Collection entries
********

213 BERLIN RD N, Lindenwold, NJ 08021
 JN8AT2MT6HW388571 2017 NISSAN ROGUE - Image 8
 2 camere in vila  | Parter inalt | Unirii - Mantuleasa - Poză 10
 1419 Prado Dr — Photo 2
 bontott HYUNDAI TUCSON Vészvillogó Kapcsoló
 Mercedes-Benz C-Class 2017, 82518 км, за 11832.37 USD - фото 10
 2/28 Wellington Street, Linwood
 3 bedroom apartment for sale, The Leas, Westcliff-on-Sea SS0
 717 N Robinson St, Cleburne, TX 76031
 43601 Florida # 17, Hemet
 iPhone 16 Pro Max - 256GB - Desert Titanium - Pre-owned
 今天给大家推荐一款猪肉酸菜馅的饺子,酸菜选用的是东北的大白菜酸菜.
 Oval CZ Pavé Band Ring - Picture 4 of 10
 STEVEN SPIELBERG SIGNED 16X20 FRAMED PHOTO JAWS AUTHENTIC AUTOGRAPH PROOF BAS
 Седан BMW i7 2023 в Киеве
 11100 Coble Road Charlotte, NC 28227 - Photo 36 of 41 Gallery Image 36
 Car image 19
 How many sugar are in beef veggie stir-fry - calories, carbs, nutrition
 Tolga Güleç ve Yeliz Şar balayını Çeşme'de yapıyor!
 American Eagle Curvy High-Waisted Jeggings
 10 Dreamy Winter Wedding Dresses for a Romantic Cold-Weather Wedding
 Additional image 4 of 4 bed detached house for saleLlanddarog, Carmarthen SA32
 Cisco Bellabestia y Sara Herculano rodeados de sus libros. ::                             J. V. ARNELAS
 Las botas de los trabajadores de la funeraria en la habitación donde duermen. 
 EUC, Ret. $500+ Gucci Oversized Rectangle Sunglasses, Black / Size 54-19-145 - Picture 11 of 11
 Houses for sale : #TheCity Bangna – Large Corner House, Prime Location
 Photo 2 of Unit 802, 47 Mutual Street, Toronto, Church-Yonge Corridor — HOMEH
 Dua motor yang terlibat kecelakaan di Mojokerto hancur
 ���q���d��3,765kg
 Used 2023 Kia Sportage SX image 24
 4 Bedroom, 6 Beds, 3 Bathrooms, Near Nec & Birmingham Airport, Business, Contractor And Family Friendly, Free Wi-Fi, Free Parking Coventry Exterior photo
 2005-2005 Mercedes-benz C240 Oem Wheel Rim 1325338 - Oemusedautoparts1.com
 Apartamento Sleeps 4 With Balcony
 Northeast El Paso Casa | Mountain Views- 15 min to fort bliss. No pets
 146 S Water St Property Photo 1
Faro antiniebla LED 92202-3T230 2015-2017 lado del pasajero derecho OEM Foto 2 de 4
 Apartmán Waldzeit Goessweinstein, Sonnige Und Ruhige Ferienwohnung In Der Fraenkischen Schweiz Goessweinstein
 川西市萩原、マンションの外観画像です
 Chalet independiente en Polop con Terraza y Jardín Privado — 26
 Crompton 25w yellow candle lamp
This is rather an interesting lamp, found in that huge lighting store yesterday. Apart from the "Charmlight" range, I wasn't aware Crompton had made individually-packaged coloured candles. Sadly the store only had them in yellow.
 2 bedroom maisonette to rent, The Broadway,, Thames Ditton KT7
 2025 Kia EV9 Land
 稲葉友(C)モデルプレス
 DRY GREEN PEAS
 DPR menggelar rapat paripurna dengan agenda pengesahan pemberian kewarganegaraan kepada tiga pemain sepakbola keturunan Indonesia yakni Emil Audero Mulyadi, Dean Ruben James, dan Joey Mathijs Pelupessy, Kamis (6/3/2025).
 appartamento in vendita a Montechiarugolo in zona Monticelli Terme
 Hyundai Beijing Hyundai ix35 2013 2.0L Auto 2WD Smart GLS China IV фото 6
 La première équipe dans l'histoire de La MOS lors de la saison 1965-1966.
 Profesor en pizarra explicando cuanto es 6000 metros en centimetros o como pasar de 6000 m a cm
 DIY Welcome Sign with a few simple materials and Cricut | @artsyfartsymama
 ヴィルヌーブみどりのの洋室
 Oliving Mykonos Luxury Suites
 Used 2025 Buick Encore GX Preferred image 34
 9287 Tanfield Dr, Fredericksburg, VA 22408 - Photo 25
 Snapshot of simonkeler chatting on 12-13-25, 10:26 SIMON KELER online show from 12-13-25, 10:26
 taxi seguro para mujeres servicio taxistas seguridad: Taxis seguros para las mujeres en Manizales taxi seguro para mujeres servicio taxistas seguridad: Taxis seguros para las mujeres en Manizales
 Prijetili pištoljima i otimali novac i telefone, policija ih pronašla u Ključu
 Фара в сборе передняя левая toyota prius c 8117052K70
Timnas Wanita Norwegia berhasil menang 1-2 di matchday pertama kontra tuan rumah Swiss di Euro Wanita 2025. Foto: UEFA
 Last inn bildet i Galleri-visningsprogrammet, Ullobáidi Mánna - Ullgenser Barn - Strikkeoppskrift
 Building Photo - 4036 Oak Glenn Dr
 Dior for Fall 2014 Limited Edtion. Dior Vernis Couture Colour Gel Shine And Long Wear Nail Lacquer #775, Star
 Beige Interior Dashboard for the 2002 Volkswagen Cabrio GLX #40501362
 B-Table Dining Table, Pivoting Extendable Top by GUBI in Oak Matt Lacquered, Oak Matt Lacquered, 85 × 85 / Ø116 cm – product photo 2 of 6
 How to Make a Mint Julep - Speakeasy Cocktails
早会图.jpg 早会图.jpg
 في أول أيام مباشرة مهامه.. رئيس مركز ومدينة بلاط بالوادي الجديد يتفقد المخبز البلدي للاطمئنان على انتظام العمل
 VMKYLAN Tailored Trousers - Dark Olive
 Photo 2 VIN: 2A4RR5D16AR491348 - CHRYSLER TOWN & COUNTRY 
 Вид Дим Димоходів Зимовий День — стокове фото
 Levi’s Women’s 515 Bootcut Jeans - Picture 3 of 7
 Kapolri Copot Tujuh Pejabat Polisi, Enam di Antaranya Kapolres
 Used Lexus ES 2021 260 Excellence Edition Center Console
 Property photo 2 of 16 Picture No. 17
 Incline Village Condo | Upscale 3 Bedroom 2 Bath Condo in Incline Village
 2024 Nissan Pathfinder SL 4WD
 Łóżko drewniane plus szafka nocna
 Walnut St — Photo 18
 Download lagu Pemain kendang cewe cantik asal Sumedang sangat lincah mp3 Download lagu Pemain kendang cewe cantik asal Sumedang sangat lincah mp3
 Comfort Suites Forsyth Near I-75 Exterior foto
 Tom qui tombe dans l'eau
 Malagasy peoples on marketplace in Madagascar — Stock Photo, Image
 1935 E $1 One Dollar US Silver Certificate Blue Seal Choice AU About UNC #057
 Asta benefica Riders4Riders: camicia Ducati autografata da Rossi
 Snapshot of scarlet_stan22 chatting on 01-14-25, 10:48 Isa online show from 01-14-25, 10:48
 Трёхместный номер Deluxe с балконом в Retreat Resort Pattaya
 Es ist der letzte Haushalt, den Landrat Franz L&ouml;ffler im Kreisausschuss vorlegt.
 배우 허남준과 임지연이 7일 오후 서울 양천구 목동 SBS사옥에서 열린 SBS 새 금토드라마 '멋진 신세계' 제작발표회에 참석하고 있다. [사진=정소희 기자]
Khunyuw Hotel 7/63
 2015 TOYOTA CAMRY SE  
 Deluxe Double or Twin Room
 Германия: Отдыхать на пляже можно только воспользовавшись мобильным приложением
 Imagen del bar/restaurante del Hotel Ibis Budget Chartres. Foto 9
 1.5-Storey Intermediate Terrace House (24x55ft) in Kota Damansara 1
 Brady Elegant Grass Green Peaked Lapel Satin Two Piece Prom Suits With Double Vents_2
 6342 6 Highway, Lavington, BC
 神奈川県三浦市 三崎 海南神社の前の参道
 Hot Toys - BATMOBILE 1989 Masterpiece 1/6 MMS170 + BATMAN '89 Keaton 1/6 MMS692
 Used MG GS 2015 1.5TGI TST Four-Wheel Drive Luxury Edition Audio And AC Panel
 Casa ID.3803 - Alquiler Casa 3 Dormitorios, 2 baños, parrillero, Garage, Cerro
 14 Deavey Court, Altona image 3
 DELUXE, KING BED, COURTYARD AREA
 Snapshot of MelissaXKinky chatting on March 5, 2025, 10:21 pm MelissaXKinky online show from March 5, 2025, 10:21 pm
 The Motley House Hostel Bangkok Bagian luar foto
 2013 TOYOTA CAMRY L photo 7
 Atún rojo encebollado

********

__Work required__. Copy out the range of lines above starting at the line with "Profesor en pizarra" and ending at the line with "Used 2025 Buick Encore GX Preferred image 34", exactly and including both.

__Response to the task__.
 Profesor en pizarra explicando cuanto es 6000 metros en centimetros o como pasar de 6000 m a cm
 DIY Welcome Sign with a few simple materials and Cricut | @artsyfartsymama
 ヴィルヌーブみどりのの洋室
 Oliving Mykonos Luxury Suites
 Used 2025 Buick Encore GX Preferred image 34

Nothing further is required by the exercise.